Debt agencies chase £58bn of Brit debt

As the economy contracts, debt expands - and by some margin. It's estimated debt collection operators are attempting to claw back almost £60bn from British families, be it credit card debt or loans.

New data from the Credit Services Association (CSA) claims this figure has jumped by a massive £6bn in the last six months alone. Why?

Pressure builds

There are several reasons for the surge. One major shift though is a Coalition government which has no problem with outsourcing debt for collection to debt agencies.

"Indeed," says CSA President Sara de Tute, "the government has gone on record recently as reporting that overdue debts cost it between £7 - £8 billion – 95 percent of which resides with the Department of Work and Pensions (DWP) and HMRC – and part of this has now been passed to our members for collection."

The CSA claims 32m individual debts are now being pursued. That's the equivalent of at least one significant debt for every UK household or £1,000 of uncollected debt owed by every man, woman and child in the country, says the CSA.


But some council chiefs know already that much of the debt owed them is not recoverable. Recently Gateshead Council Cabinet agreed that the Council would write off around £1m of uncollected business rates. The vast majority of these debts relate to local business bankruptcies and insolvencies.

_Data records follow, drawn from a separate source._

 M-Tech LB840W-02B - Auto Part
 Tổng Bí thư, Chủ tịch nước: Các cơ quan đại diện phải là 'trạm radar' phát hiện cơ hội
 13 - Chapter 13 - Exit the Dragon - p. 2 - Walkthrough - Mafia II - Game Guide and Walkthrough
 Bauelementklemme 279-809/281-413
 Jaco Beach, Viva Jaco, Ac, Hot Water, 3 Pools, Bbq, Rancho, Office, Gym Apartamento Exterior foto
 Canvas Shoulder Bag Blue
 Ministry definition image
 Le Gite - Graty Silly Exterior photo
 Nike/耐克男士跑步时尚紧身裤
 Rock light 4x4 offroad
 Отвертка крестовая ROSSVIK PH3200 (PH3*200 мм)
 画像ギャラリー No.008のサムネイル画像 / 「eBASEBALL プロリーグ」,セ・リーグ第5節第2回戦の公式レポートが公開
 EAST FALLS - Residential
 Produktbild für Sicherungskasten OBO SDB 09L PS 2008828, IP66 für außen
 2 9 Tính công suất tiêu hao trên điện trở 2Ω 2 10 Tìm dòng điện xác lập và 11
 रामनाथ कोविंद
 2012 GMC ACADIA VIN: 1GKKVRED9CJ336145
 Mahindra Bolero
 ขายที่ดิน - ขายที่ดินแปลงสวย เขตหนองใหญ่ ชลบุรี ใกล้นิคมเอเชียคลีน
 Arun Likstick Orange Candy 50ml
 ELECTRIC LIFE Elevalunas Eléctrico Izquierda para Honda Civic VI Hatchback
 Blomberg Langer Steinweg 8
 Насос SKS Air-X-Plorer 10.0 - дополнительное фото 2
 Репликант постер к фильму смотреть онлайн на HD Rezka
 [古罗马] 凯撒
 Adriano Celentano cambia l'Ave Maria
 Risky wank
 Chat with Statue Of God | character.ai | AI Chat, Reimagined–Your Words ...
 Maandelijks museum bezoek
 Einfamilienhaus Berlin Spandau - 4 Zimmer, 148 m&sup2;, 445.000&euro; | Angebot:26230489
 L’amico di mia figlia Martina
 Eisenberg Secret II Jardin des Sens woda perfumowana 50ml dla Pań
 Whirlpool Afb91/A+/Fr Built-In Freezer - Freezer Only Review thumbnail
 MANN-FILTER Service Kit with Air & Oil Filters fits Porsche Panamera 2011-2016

Debt collection agencies deploy a range of tactics to claim back money owed, often adding sizeable fees onto the debt owed. However the Government has published clear guidelines on how to deal with these agencies.

Debt collectors don't have the same powers as bailiffs. They can't enter your home or take your possessions and can only write, phone, or visit you to discuss the situation.

Consumer collections by CSA agencies hit £1.207 billion in H2 2011, reflecting increasing quarter on quarter collections that ended Q4 at £479 million – a rise of almost £100 million since Q2 says the CSA.

If you're in debt trouble, do take advice. Both the Citizens Advice Bureau and websites such as The Consumer Action Group can be useful resources.